Le discours du chef de l’Etat axé sur la thèse d’une impuissance subie relève de la fiction parce que tout le monde sait que le locataire du Palais de Carthage a, par petites touches et bien avant sa prise de fonction, repoussé très loin les limites de ses prérogatives, pour ne pas dire, comme le pensent et l’affirment de plus en plus de Tunisiens, qu’il a outrepassé les limites que lui trace la Constitution.

D’ailleurs, lorsqu’on lui dit que certains, notamment dans l’opposition, ne lui reconnaissent pas le titre de chef de gouvernement et voient plutôt en lui un «Premier ministre», Youssef Chahed admet cette réalité du bout des lèvres et déclare qu’il consulte le président de la République et écoute ses conseils.

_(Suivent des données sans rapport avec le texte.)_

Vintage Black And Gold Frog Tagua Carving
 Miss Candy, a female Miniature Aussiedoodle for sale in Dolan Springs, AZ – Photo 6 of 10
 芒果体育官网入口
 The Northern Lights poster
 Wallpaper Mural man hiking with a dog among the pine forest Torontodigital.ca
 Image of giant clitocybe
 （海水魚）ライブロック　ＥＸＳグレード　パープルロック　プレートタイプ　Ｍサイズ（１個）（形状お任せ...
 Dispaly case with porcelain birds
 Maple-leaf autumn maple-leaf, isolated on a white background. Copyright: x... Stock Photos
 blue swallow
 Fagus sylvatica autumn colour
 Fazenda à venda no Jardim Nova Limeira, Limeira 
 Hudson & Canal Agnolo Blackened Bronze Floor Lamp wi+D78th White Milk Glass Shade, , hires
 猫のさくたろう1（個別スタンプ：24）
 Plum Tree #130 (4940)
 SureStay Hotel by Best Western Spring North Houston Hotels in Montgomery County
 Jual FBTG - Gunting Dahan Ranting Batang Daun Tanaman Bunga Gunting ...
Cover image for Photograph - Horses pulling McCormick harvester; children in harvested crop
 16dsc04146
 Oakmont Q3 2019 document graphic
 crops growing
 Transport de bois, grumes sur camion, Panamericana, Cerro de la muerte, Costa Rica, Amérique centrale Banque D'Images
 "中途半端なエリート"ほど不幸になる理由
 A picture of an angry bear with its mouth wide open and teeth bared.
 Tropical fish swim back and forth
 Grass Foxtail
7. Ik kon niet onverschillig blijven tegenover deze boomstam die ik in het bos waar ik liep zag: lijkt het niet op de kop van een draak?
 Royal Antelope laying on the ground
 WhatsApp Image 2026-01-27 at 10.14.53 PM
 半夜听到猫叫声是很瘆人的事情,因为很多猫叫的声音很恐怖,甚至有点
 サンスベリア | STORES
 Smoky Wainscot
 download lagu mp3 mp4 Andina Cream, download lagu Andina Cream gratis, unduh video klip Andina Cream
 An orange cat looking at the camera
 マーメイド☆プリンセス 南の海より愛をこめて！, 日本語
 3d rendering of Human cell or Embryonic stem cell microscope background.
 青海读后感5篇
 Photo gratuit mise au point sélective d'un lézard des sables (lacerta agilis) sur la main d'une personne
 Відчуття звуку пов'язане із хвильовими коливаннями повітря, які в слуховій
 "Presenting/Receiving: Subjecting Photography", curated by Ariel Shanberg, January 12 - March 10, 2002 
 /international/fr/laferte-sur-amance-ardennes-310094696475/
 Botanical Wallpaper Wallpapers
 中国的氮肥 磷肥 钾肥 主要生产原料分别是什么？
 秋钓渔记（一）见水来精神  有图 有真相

D’autres diront qu’il reçoit des ordres et les applique.

Parce qu’une partie de la classe politique et des médias le soutient à fond et sans nuance –ni critique-, BCE est maintenu hors du champ des projecteurs dans le bras de fer entre le gouvernement et l’UGTT, puisque ceux-ci sont braqués sur Youssef Chahed.

Donc, les choses étant ce qu’elles sont, le président Caïd Essebsi ne peut pas laisser le locataire de La Kasbah seul face au «grand méchant loup» qu’est l’UGTT. D’autant que l’enjeu n’est pas le sort du ministre de l’Education, ni celui du chef du gouvernement, mais bien la crédibilité de l’Etat, donc sa capacité à pouvoir –ou pas- administrer les choses de la cité certes en écoutant les différents acteurs politiques et sociaux, mais subir leur dictat.

Bref, le chef de l’Etat doit dire halte à la centrale ouvrière qui a dépassé toutes les bornes dans l’affaire du ministre de l’Education, en allant jusqu’à adresser au chef du gouvernement un ultimatum l’appelant à limoger Néji Jalloul avant le 15 avril 2017, date au-delà de laquelle le bureau exécutif de l’UGTT se réserve le droit de réagir comme il l’entend s’il n’obtenait pas la tête de ce dernier.

Rappelons que l’UGTT a déjà fait tomber Slim Chaker et Saïd Aïdi, respectivement anciens ministres des Finances et de la Santé.

Mais le chef de l’Etat voudra-t-il contrer la centrale ouvrière? Si la défense des intérêts de l’Etat et plus généralement ceux du pays lui tiennent réellement à cœur, il ne devrait pas commettre l’énorme bêtise d’éjecter le ministre de l’Education du gouvernement et laisser ainsi humilier, de nouveau, l’Etat.